Others rapidly discounted any connection to the traitors. There were, for example, those who stepped forward gratuitously to point out – in case there was any doubt – that they had not seen the conspirators for at least ten years. Where Catholicism was concerned, Ben Jonson reflected cynically that immediately after the Plot’s discovery there were ‘five hundred
gentlemen less’ professing that religion. On 7 November, Jonson himself, uneasily aware of his known connection to the Plotters, came before the Privy Council. He had tried to contact an undercover priest who wanted a safe conduct in exchange for information but had failed to find him, in spite of the help of the (Catholic) chaplain to the Venetian Ambassador.

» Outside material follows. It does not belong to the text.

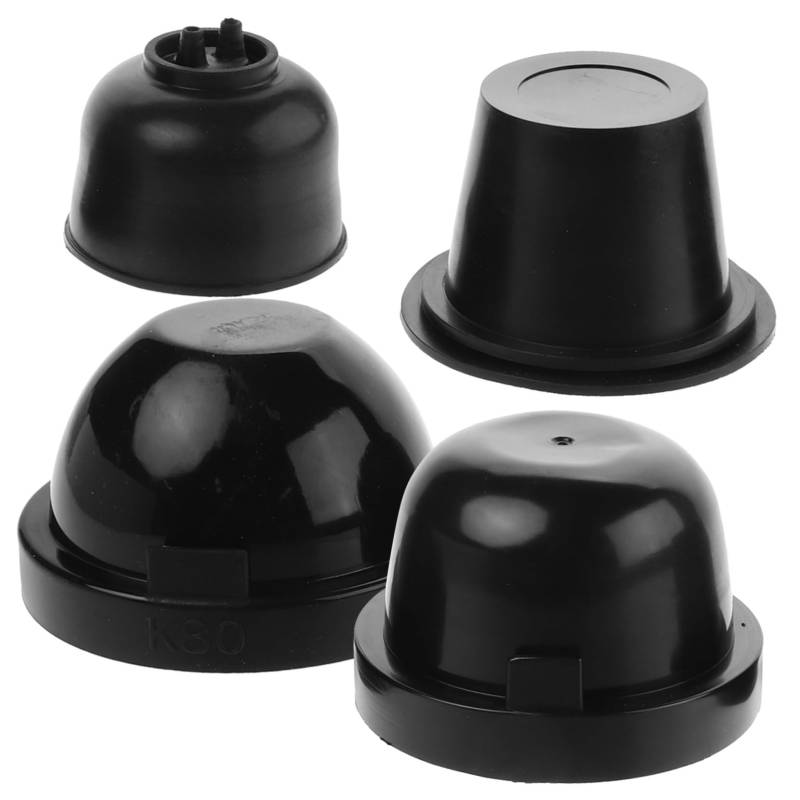 TOPPERFUN 4 Stück Auto Lampenschirmnetz Wasserdicht Auto Innenbeleuchtung Lichtleiste Auslaufsicher Autopolitur Windschutzscheibe Autolichter Motorhaube Windschutzscheibe von TOPPERFUN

Two days later Sir Walter Ralegh (whose wife, Elizabeth Throckmorton, was a first cousin of Lady Catesby) utterly denied any connection with the recent treason, which he said he would have given his life to uncover. He recalled to mind his many services to his country, and desperately tried to distance himself from a plot which he termed ‘this more than devilish invention’. On the same day, the Earl of Dorset, father-in-law of Viscount Montague, asked him anxiously whether he had known anything ‘either directly or indirectly’ which would have stopped him coming to Parliament.
36

All the while Guy Fawkes sweated in the Tower, first to resist his torturers, then to give them in some measure what they wanted – or at any rate enough to relieve his torment. So far as the evidence can be pieced together, he revealed his true identity on 7 November and said that the Plot was confined to five (unnamed) people. His important confession was that on 8 November.
37
This confession named at last names, although it did not identify any Catholic priests. Nor for that matter did Guido incriminate prominent English Catholics or reveal the identity of the Protector, although he did talk at length about the plans for the proclamation of the Princess Elizabeth.

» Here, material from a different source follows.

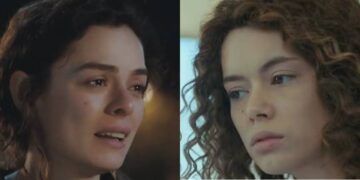 Bahar e Sirin em Força de Mulher. (Foto: reprodução/Globo)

The third confession of 9 November, attested in front of Commissioners on 10 November, must be assumed to be the product of prolonged bouts of torture, growing increasingly severe.
38
Guido named Francis Tresham at this point, although he ascribed to him a comparatively minor role, and he named the priest who had administered the Sacrament following the oath as Father Gerard (but Guido stuck to his point that Gerard had not known what was going on). It is quite possible that Salisbury was present at this session since Waad wrote to
him, saying that Fawkes wanted to see him. At all events, one new revelation was exactly what Salisbury wanted to hear. Here at last as a result of torture was the name – or so Coke would pretend later – of the government’s
bête noire
, Hugh Owen of Flanders.

The signatures of Fawkes, declining in strength and coherence as the interrogation proceeded, provide, even today, their own mute testimonial to what he suffered (see plate section). The last ‘Guido’ – his chosen name, his name of exile – was scarcely more than a scrawl, and little helpless jabs of the pen beside it showed what it had cost Fawkes even to write as much as this.

*
In 1215 Magna Carta, that cornerstone of English liberties, had expressly forbidden torture (Jardine,
Torture,
p. 48).

*
It should be pointed out that England was not alone in the practice. The Spanish Inquisition – the ‘Holy Office’ – employed torture: this was one of the aspects of England’s hereditary Catholic enemy, Spain, which had aroused disgust and horror among the English, especially those merchants who might fall foul of the Inquisition, during the reign of Elizabeth I.